# GPS for hiking and biking...60CSx vs Vista HCx...



## jeebus (May 1, 2006)

I have an Edge 305 for biking and really like it. I've been looking to get a GPS unit for my girlfriend who does lots of trail hiking in the Pacific NW. The edge 305 is great for tracking training and fitness but is useless for detailed map use.

I'm considering Garmin's GPSMAP 60CSx and Vista HCx units. The 60CSx and Vista HCx seem essentially the same when compared using Garmin's website's "compare" function. Only a minor difference in screen size, a supplied 64MB SD card, and a couple other things like tide tables. Why the $160 difference? Can the 60CSx do something the Vista can't?

I'm looking for something that is user-friendly with useful, detailed trail maps.

Also, I'm looking for trail maps for the Mt Hood, OR, Columbia Gorge and Mt St Helens, WA area, but the Garmin TOPO and TOPO 24K software does not seem to include those. Is there other good trail map software out there? 

Thanks!


----------



## roadiegonebad (Jan 31, 2004)

doesn't seem to be a huge difference these days, with the "H" upgrade of the HCx... the form/size (obviously) and bike mounts are minor differences b/w the GPSMAP and Etrex lines. remember, the Vista has evolved from the Vista, to Vista C, Vista Cx, and now Vista HCx. you might have also noticed that the prices are the same for the Cx and HCx, but that's because the HCx doesn't come with a memory card


----------



## slocaus (Jul 21, 2005)

The Vista has a patch antenna vs the helix antenna of the 60CSx, so more accuracy. The other features you mentioned as well of course. That said, the Vista is probably a great hiking GPS, if you do not need the greater accuracy in finding tricky hidden junctions or something like that.

Only Garmin maps will load into Garmin GPSs, unless you want to do some custom tweaking. The Garmin Topo uses older USGS data, and most trails are hard to find, just like the printed USGS maps, since they use the same data.


----------



## gps_dr (Feb 27, 2007)

*Big differences are:

External antenna can improve reception in some circumstances
Larger screen size
Dedicated buttons that light up
Cursor pad w/separate enter button instead of problematic "clickstick"
eTrex receive better horizontal, 60/76 better vertical
$100 price difference after rebate
That said, I prefer the 76CSx:

Larger buttons for use with gloved hands
Easier to operate one handed for "older people"
Can be laid flat on surface to enter information one handed
*


----------



## gps_dr (Feb 27, 2007)

As for trail maps, you can trace a trail with DeLorme 3DQuads and/or TOPO USA and upload it to the GPS as a tracklog.
Using National Geographic, you can upload it as a route with specified # of waypoints.

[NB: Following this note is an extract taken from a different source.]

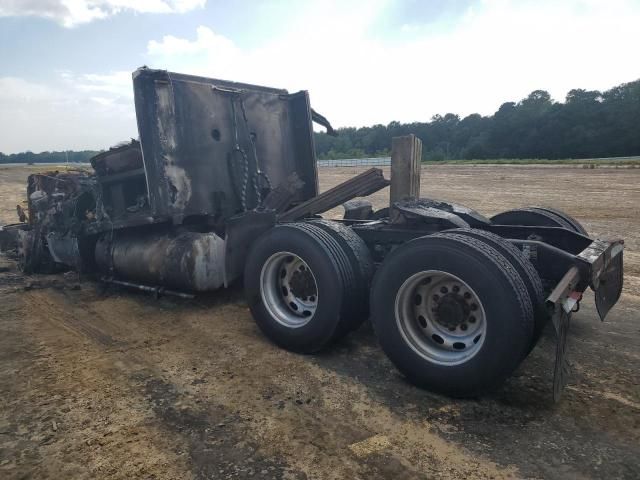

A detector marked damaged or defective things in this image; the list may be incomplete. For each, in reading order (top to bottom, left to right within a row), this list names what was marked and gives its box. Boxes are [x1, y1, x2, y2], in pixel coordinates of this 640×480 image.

fire-damaged chassis [0, 65, 620, 400]
burned semi truck [0, 66, 624, 398]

Magellan's software has no trails, Garmin has some.

DeLorme's PN-20 GPS can of course use their maps & trails.

We'll see in a few months how well Magellan's partnership with National Geographic works with their new Triton GPS series.

(I have and use a Garnin 76CSX & DeLorme PN-20 as well as a number of older GPS units)
So far, the PN-20 & new Garmin color screens are the best for handlebar use. Haven't found any other color screens that work in direct sunlight or shadows. Color makes reading a map display a much less time consuming effort. (Nice for trail/street use)


----------



## roadiegonebad (Jan 31, 2004)

gps_dr said:


> *Big differences are:
> 
> External antenna can improve reception in some circumstances
> Larger screen size
> ...


tell me about the pad vs. clickstick... have been using a Vista Cx, thinking of upgrading to HCx or 60CSx (and selling the Cx)


----------



## gps_dr (Feb 27, 2007)

The clickstick on the eTrex series has been a common failure point in the past.
Garmin has worked on it, newer versions may last longer.

I have problems with sometimes accidently selecting items while trying to move the cursor with them. Someone less clumsy may not have the issue.

The 76 series larger buttons & cursor pad still work well with gloves on for me.

Enjoy


----------